# Removing correlation between independent variables

If there are two continuous independent variables that show a high amount of correlation between them, can we remove this correlation by multiplying or dividing the values of one of the variables with random factors (E.g., multiplying the first value with 2, the second value with 3, etc.). We would be keeping a copy of the original values of the independent variable whose values have been transformed for proper comparison of the original values with the prediction results received. Can this be considered as an alternative to dropping one of the highly correlated variables?

• I am not sure I quite understand what you are saying. If the variables are independent then the correlation between them will be zero (see Wikipedia's article on correlation and dependence). Adding noise to the data (as you propose to do) will most likely be detrimental to the performance of any model you create based on that data.
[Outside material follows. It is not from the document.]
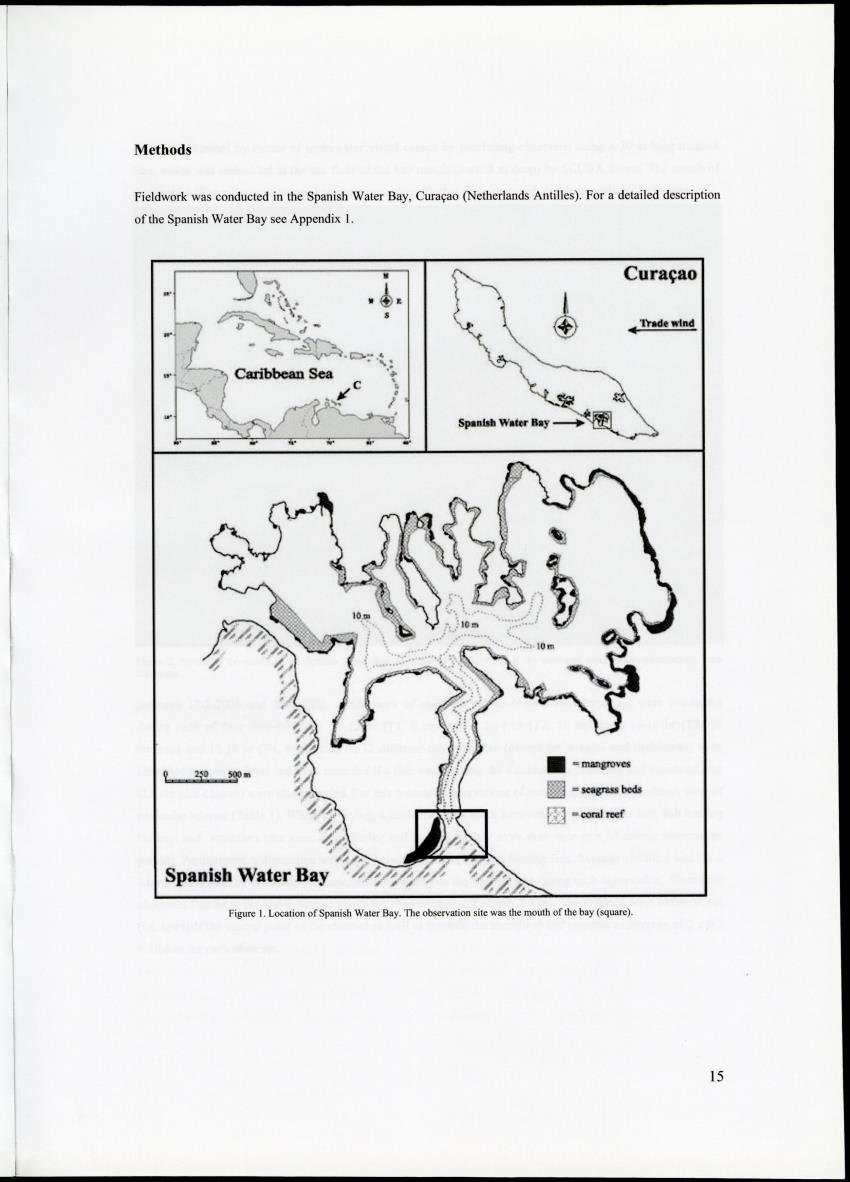Z Movements of nursery reef fish in the Spanish Water Bay, Curacao - New Page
Is there any reason in particular you do not want to drop one of the two correlated variables from your model?
– René
Apr 18, 2021 at 8:01

High correlation between 2 features, eg $$x_1$$ and $$x_2$$ means that there is a linear relation between the two features (ie one is a linear transformation of the other), $$x_2 = c_0 + s \cdot x_1 + \epsilon$$.

That means any linear transformation of one or both features (eg multiplying by random factors), simply leaves the linear relation intact.
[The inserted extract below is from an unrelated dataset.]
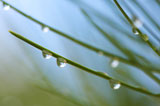 Macro+Image+of+Water+Drops+on+Pine+Needles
$$x_{21}$$ = $$a \cdot x_2$$, $$x_{11} = b \cdot x_1$$

Then

$$x_{21} = a \cdot c_0 + a \cdot s/b \cdot x_{11} + \epsilon'$$

Thus again there is linear relation thus high correlation.

Only non-linear transforms can alter the linear relation, but these can affect negatively the outcome.

Once a very strong correlation exists between 2 features then one of them is simply discarded, and only one remains, as it does not offer any new information by itself.

can we remove this correlation by multiplying or dividing the values of one of the variables with random factors (E.g., multiplying the first value with 2, the second value with 3, etc.)

No you can not decorrelate 2 variables by multiplying or dividing them by a random factors, you can use one of the following methods instead if you want to keep the 2 variables:

• Divide a and b: new_a = a / b
• Powering up a: new_a = a^2, a^3, ...
• PCA
• ...

You can use PCA to transform your N correlated features to N uncorrelated features.

You can then check for correlation between your N uncorrelated features against your target and choose to drop the ones with very low correlation.